これに対して、「なにが、音楽性だ!そんな訳のワカランもので批判されるなどまっぴら御免。音楽なんてものは所詮は音の運動体。書かれたスコアをどれだけ合理的に音に変換するか、重要なのはテクニックなんだよ!」という声が聞こえてきます。
つまり、日本の演奏家の大部分は、この音楽性云々の指摘に対して、表面上は恐縮しているように振る舞いながら、本音の部分では、こんな指摘なんか「アナクロニズムの産物」と反発しているのです。

まあ言ってみれば、客観的基準では測定不可能な曖昧きわまる音楽性等というもので、自分を評価されたくないのでしょう。

実際、よたよたのテクニックで聞くに耐えないような「老大家」の演奏を「音楽性あふれる演奏」と天まで持ち上げる人も多いのは事実です。
そんな悲惨な演奏を褒めちぎりながら、技術的には何の瑕疵もない自分の演奏を、音楽性に欠けると言って切って捨てられれば、誰だって腹が立ちます。

しかし、音楽がテクニックだけに還元されるものでないことも明らかです。
明らかでない人もいるかもしれないので、もう少し丁寧に言えば、テクニックはあくまでも「手段」であり、決して「目的」ではありません。
聴衆の大部分は、テクニックを楽しむためにコンサートに行くのではなく、そのようなテクニックを駆使して展開される優れた演奏を通して音楽的な感動を得たいがためにコンサート会場に足を運ぶのです。
人はテクニックに感心することはあっても、感動はしないものです。

では、どういうときに感動するのか?
しつこいですが、また繰り返します。
「音楽作品に内包されたイメージが、「私」というフィルターを通して、内面の柔らかい部分に到達しえたときに、強い音楽的感動を覚える」のです。

ですから、演奏家にとって重要なことは、作品に内包されているイメージを的確に把握することです。

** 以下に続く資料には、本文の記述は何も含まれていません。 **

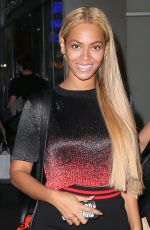BEYONCE Out and About in New York 05/08/2015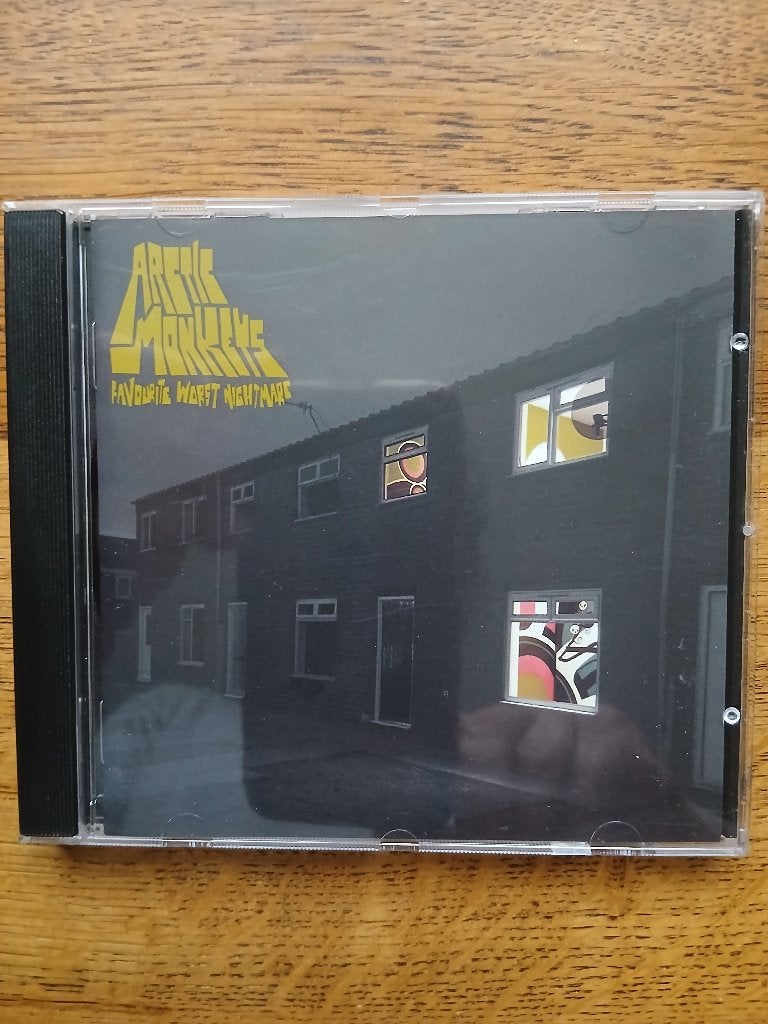 CD Arctic Monkeys : Favourite Worst Nightmare, Ophalen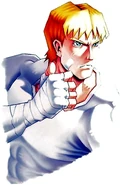 Cody in Final Fight Revenge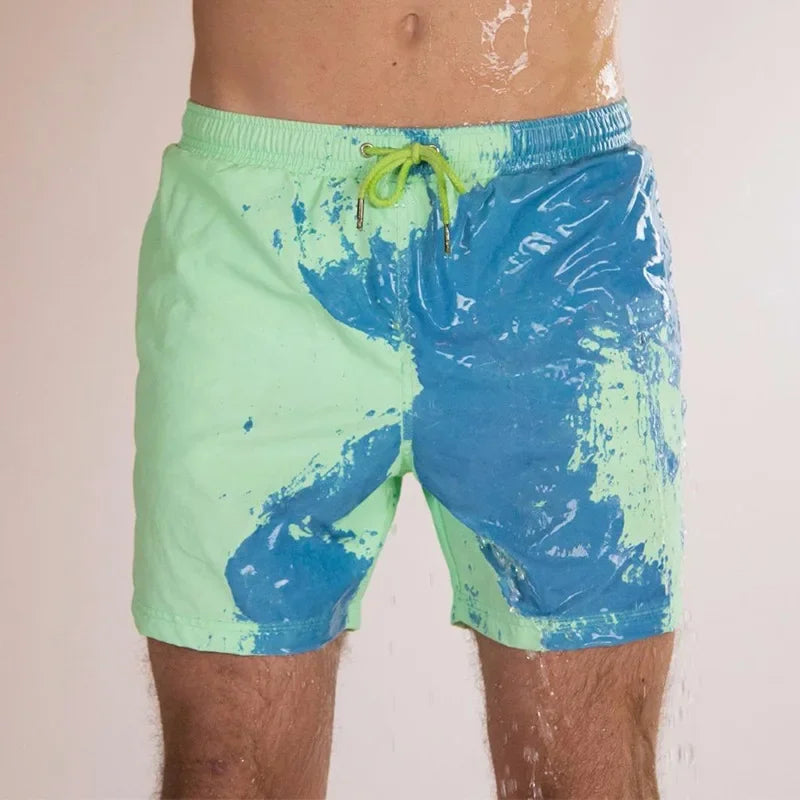 Nico | Color-Changing Swim Shorts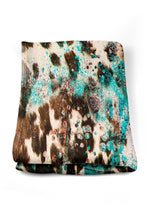 Load image into Gallery viewer, Western Style Pattern Large Flannel Blanket
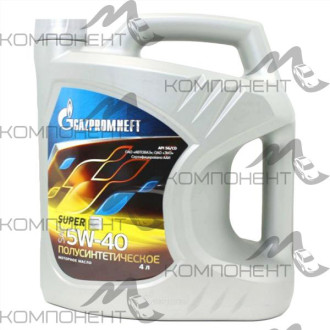Gazpromneft Super 5W40 API SG/CD п/с 4л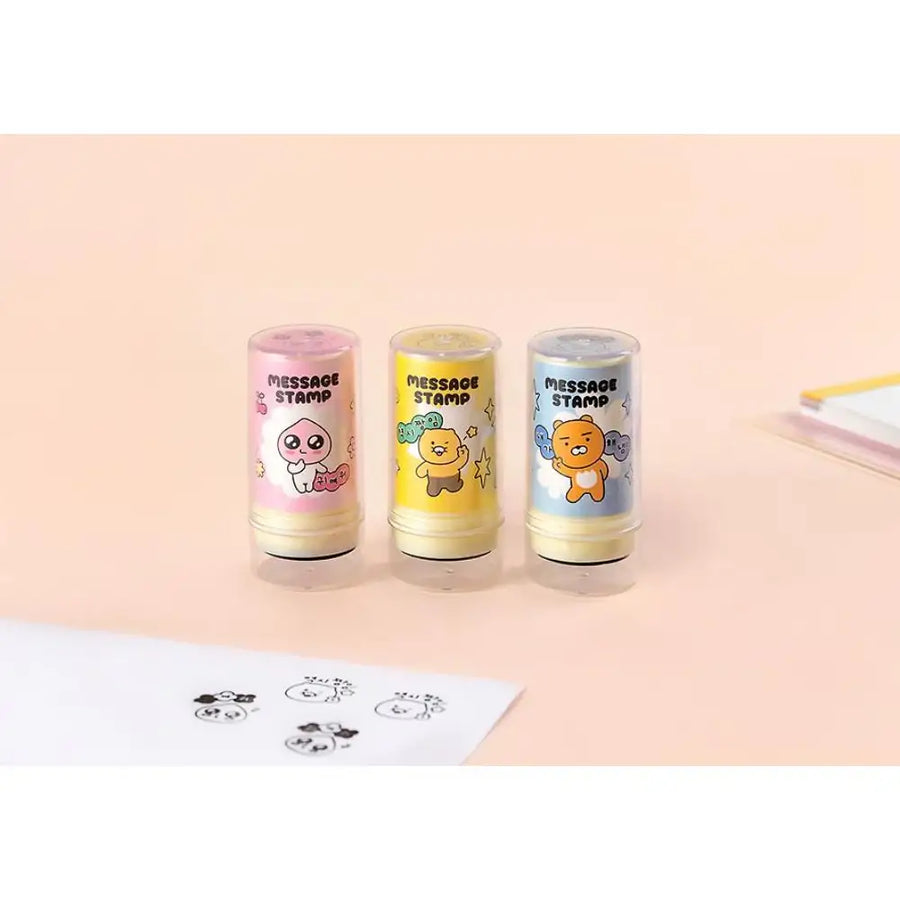 Kakao Friends - Seichee's Message Stamp - Kakao Friends - Stamp - Harumio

そしてその把握されたイメージを表現するためにこそ、テクニックは奉仕すべきなのです。
しかしながら、そんな聴衆の中に、コンサートに行ってもテクニックのことばかり気になり、そのことにのみ集中している人も少なくないことを知ってちょっと驚きました。
こういうコンサート通いをする人は、100%演奏に携わっている人です。「ウワァー!あんな難しいところを平然と弾ききったよ、スッゲェ!」なんて思いながらコンサートを終えるんだそうです。

楽器習得の難しさがもたらすもの

そして、さらに問題を突き詰めていくと、「楽器習得の難しさ」という問題に突き当たります。なんだか、突然突飛なことを言い出しますが、これもまた避けては通れない問題です。

実際、楽器というのは難しいものです。どのような楽器にしても、それなりに演奏できるようになるにはそれなりの習練が必要です。

この困難度を数値化するために、「習得のための必要最低時間」と言う概念があります。
ある種の技能を身につけるために必要な最低限の時間のことで、これを基準にすればそれぞれの技能習得の困難度が数値化できるというわけです。

ちなみに、車の運転は30時間だそうです。パソコンが最低限使えるためにも30時間が必要だそうです。
ならば、車が運転できる人なら、誰でもパソコンは使えると言うことです。

英会話の習得には1000時間必要です。これは、彼の国で3ヶ月過ごせばクリアできる数字で、実態によくあっているそうです。
それでは、ピアノの習得には何時間必要か?

なんと、10000時間です。
分かりやすく翻訳すると、毎日3時間の練習をさぼることなく10年続ければよろしい、と言うことです。英会話の習得より10倍も困難なのです。

ここに、多くの少年少女がピアノレッスンに通いながら、その圧倒的大部分が挫折してしまう原因があります。

しかし、注目すべきは、それだけの習練を積んで身に付く技術のレベルは、車で言えば30時間、英会話で言えば1000時間のレベルにしかすぎないということです。

プロの演奏家は車に例えればレーサーです。もちろんレースのレベルはその辺の草レースからF1のレベルまで幅は広いですが、30時間のレベルとは隔絶していることは事実です。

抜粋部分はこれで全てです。